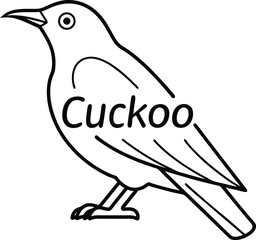 Obraz premium Line Art Cuckoo Bird with Clean Outline and Transparent Background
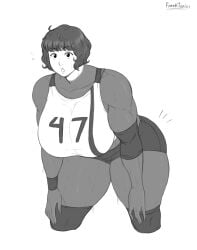 aoi_koizumi body_part_swap breasts fluffy_hair frakntonius franktonius head_swap headswap huge_breasts muscle_girl muscles muscular muscular_female short-haired_female short_hair short_hair_female shortshorts skin_tone_difference skin_tone_mismatch sportsball sportswear sporty sporty_outfit sweat sweating sweaty thick_thighs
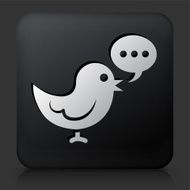 Black Square Button with Communication Bird Icon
==*==
**YOUR OBJECTIVE:** No pictures belong in the copy. Retype exactly, and only, the lines from the line containing "aoi_koizumi body_part_swap breasts" through the last line of the data, both included.

**RESULT OF THE TASK:**
 aoi_koizumi body_part_swap breasts fluffy_hair frakntonius franktonius head_swap headswap huge_breasts muscle_girl muscles muscular muscular_female short-haired_female short_hair short_hair_female shortshorts skin_tone_difference skin_tone_mismatch sportsball sportswear sporty sporty_outfit sweat sweating sweaty thick_thighs
 Black Square Button with Communication Bird Icon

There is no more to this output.